CodePudding user response：

The classes FSDataInputStream and FSDataOutputStream are classes in hadoop-common

FSDataInputStream

FSDataInputStream adds high performance APIs for reading data at specific offsets into byte arrays (PositionedReadable) or bytebuffers. these are used extensively in libraries reading files where the reads are not sequential, more random IO. parquet, orc etc. FileSystem implementations often provide highly efficient implementations of these. These apis are not relevant for simple file copy unless you really are trying for maximum performance, have opened the same source file to multiple streams and are fetching blocks in parallel across them. Distcp does things like this, which is why it can overload networks if you try hard.

full specification, including of PositionedReadable: fsdatainputstream

FSDataOutputStream

FSDataOutputStream doesn't add that much to the normal DataOutputStream; the most important interface is Syncable, whose hflush and hsync calls have specific guarantees about durability, as in "when they return, the data has been persisted to HDFS or the other filesystem, for hsync, all the way to disk". If you are implementing a database like HBase, you need these and those guarantees. If you aren't, you don't.

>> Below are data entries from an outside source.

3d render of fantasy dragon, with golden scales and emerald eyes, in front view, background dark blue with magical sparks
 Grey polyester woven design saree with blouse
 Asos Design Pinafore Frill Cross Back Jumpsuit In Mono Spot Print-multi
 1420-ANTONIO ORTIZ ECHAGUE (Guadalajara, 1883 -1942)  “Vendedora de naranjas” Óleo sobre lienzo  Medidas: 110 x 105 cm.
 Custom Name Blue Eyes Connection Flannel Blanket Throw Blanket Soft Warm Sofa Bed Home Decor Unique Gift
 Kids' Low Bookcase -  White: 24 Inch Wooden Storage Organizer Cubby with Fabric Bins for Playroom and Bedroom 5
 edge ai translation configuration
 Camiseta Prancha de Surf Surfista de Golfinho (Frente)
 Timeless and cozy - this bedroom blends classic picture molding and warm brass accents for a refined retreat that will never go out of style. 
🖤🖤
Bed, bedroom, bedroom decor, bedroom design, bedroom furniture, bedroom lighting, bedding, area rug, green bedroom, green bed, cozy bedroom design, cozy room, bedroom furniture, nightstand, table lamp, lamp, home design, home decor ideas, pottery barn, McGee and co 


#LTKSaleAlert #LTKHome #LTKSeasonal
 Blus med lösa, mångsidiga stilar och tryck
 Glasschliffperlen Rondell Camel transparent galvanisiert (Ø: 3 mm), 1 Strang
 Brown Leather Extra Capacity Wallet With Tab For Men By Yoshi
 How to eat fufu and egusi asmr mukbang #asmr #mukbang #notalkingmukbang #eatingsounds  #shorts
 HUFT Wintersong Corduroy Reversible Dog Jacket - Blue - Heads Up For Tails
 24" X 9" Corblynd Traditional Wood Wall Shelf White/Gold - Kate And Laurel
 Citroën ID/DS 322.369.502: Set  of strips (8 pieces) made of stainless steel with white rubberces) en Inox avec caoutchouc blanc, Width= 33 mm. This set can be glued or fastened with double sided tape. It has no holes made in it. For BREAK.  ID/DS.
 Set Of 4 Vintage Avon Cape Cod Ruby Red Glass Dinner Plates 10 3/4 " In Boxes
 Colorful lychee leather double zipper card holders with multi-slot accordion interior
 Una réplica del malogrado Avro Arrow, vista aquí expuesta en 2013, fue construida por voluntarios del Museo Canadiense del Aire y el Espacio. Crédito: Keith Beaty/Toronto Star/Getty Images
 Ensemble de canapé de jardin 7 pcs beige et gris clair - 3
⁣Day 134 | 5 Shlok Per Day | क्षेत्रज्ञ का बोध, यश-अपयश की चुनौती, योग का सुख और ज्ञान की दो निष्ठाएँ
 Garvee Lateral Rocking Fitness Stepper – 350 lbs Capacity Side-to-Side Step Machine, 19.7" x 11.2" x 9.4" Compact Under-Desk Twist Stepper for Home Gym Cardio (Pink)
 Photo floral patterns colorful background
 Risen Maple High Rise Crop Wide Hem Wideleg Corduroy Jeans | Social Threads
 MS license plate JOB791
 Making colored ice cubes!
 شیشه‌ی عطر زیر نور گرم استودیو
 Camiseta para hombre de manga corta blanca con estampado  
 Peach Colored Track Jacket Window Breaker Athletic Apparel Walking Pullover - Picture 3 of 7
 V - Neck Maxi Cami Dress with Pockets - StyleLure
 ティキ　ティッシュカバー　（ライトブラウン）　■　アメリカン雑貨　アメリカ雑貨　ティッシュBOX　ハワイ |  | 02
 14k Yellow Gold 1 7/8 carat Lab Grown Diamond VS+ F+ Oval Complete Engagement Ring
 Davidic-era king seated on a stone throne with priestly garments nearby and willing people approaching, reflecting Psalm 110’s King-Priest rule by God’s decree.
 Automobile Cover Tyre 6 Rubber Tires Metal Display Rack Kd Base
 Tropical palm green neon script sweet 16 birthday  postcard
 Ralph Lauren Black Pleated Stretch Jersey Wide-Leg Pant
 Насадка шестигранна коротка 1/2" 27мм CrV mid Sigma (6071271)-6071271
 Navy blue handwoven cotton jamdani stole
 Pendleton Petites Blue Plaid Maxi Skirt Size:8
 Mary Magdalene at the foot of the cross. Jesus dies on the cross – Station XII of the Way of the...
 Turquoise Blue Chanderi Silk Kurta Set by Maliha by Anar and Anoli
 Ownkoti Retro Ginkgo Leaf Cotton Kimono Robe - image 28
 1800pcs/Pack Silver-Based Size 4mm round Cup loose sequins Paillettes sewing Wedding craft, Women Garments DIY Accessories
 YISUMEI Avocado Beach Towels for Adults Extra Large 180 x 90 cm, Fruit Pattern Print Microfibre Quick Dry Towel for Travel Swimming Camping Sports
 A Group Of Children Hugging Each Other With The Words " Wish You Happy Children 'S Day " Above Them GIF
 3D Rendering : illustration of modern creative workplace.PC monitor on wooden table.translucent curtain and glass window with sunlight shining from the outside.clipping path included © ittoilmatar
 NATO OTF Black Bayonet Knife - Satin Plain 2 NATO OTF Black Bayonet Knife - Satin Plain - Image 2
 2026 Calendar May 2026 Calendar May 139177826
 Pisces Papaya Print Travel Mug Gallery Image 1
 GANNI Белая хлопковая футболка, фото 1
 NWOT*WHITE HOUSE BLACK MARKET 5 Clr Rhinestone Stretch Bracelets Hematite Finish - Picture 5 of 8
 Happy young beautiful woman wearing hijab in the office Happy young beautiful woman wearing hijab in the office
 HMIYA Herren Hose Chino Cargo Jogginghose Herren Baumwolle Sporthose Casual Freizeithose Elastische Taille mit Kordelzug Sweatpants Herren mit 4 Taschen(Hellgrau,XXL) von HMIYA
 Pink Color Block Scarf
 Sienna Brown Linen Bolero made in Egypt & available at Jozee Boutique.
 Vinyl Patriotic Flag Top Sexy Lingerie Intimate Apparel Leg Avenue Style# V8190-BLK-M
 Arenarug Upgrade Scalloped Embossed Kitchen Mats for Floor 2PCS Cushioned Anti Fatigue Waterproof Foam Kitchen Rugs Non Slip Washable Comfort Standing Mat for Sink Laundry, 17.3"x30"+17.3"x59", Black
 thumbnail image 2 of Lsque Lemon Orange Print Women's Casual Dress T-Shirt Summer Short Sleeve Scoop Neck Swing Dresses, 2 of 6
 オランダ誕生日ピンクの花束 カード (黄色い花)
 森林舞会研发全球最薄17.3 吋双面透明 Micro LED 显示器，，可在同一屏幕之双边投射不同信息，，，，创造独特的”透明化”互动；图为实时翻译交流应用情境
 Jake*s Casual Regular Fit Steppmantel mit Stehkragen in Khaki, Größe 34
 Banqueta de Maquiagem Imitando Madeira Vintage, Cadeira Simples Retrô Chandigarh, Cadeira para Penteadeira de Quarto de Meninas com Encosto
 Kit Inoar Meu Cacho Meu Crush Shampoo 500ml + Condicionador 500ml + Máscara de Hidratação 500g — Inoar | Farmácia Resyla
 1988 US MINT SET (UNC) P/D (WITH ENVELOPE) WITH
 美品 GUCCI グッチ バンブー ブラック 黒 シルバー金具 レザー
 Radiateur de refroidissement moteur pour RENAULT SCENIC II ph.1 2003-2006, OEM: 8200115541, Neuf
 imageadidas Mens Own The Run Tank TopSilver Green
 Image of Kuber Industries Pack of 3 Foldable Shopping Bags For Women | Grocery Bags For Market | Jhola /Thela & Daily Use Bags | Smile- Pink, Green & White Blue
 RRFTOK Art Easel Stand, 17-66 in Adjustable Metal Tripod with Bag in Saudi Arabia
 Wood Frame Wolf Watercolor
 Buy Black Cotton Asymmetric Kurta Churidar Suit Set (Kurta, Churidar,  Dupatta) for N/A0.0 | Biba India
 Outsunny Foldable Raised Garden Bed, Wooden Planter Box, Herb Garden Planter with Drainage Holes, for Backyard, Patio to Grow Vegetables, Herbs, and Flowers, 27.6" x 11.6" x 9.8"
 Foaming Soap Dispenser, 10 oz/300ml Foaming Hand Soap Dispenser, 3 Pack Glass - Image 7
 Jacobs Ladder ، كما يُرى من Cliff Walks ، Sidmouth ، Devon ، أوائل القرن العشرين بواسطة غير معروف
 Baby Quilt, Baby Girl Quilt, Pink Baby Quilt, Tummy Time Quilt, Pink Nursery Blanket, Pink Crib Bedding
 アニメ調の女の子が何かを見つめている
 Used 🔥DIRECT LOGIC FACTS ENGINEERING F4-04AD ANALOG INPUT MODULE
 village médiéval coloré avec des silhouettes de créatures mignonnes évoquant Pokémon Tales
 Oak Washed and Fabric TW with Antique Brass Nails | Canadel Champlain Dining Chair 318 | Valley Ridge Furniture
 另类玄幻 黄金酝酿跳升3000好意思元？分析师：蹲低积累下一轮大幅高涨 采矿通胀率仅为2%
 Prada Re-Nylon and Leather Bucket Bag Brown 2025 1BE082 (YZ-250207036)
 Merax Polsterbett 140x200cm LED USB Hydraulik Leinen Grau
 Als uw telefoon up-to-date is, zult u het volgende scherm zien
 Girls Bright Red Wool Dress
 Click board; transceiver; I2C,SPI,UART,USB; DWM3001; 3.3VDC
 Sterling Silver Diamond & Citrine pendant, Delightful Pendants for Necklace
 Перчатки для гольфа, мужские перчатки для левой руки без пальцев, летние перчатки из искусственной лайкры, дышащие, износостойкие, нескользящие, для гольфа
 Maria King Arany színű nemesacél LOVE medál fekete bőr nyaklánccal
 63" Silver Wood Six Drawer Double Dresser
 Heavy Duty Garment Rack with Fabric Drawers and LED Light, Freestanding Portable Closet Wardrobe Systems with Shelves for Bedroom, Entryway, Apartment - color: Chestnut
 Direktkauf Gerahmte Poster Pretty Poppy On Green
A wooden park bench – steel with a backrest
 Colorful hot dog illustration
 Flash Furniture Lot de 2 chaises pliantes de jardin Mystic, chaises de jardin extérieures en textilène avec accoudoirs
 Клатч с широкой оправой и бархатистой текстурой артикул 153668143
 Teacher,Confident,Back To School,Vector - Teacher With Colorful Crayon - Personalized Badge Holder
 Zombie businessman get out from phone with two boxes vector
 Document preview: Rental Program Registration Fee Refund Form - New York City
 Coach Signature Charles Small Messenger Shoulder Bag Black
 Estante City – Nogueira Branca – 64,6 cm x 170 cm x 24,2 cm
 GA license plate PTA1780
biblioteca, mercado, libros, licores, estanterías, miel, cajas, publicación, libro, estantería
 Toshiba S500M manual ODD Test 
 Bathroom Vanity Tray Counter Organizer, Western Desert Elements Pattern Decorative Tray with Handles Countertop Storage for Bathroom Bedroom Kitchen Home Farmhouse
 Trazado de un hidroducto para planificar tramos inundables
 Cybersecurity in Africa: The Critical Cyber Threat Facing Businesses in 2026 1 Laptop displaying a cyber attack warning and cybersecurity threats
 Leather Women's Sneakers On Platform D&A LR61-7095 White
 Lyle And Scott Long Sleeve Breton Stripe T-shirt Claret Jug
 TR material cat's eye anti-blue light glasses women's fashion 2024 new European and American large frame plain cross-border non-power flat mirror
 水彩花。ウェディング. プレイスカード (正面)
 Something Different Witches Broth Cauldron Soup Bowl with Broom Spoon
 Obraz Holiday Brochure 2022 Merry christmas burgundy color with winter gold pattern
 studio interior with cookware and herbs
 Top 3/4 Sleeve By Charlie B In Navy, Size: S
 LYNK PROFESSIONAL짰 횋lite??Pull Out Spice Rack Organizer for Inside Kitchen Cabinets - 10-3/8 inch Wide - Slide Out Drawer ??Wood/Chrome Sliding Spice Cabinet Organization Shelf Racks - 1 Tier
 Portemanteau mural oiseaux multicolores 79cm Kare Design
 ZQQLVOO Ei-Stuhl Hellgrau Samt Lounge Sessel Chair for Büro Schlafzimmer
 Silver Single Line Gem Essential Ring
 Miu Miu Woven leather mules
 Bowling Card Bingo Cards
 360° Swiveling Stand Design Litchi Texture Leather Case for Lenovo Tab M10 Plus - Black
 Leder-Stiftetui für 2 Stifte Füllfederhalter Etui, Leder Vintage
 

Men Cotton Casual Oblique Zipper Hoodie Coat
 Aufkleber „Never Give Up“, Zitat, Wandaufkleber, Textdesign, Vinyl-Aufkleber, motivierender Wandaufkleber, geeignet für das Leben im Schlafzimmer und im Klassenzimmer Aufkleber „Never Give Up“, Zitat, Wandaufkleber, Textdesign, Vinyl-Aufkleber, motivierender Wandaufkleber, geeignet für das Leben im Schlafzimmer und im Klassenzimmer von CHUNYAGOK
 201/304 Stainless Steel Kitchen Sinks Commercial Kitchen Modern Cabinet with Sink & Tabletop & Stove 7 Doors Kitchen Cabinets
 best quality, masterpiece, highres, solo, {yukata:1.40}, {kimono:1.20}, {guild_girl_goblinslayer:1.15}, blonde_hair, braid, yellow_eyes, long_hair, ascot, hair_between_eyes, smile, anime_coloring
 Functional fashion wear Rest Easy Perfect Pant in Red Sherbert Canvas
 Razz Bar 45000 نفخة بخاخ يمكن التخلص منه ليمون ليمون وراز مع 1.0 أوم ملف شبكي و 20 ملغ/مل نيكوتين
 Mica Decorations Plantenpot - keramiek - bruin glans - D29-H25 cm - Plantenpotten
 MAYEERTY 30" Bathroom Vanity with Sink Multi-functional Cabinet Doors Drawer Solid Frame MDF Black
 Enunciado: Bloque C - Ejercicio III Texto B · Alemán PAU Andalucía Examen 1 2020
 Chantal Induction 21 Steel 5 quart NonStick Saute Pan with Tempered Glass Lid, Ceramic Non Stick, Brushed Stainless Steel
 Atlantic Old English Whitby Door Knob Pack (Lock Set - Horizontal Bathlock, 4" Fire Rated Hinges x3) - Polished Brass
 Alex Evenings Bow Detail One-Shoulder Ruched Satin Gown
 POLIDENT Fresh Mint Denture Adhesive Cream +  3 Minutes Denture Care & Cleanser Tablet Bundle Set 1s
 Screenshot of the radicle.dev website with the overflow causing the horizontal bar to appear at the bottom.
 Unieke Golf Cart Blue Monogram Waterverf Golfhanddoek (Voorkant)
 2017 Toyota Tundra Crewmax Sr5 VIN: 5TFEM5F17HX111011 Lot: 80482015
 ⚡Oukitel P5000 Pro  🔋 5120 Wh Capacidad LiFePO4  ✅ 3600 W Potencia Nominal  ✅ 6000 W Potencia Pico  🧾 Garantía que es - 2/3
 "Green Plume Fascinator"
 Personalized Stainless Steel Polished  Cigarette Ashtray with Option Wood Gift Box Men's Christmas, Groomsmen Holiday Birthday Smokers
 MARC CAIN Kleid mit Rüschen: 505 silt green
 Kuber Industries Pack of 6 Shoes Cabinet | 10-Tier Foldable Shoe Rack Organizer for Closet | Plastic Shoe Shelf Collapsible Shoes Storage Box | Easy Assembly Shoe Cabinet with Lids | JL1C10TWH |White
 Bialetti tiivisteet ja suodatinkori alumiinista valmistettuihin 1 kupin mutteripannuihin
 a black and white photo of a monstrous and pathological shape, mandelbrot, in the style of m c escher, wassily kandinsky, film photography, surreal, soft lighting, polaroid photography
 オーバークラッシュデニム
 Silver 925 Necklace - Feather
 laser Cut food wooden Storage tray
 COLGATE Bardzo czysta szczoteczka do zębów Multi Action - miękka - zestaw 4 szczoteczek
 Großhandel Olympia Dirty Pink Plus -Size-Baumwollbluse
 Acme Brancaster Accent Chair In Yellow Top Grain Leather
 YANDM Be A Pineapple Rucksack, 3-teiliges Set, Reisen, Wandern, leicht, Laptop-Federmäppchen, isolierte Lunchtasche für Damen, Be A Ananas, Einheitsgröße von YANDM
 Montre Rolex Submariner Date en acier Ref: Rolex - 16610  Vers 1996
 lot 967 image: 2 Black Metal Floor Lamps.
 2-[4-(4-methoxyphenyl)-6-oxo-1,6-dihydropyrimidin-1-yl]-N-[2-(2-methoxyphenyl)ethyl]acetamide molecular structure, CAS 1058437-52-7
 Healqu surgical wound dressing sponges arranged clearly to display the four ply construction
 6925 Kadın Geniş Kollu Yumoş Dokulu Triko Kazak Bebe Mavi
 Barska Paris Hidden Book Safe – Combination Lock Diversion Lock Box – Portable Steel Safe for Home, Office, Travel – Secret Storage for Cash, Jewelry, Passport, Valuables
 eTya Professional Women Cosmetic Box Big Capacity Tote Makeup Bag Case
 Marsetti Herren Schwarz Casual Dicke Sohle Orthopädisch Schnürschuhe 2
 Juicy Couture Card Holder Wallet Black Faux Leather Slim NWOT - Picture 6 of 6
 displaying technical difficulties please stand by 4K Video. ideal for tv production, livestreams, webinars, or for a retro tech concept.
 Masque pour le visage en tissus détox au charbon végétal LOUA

full specification, including of syncable: outputstream

copying files in spark at scale

IF you want to copy files efficiently in spark, open the source files and dest files with a buffer of a few MB, read into the buffer, then write it back. you can distribute this work across the cluster for better parallelism, as this example does: https://github.com/hortonworks-spark/cloud-integration/blob/master/spark-cloud-integration/src/main/scala/com/cloudera/spark/cloud/applications/CloudCp.scala

If you just want to copy one or two files, just do it in a single process, maybe multithreaded.
If you are really seeking performance against s3, take the list of files to copy, schedule the largest few files first so they don't hold you at the end, then randomize the rest of the list to avoid creating hotspots in the s3 bucket.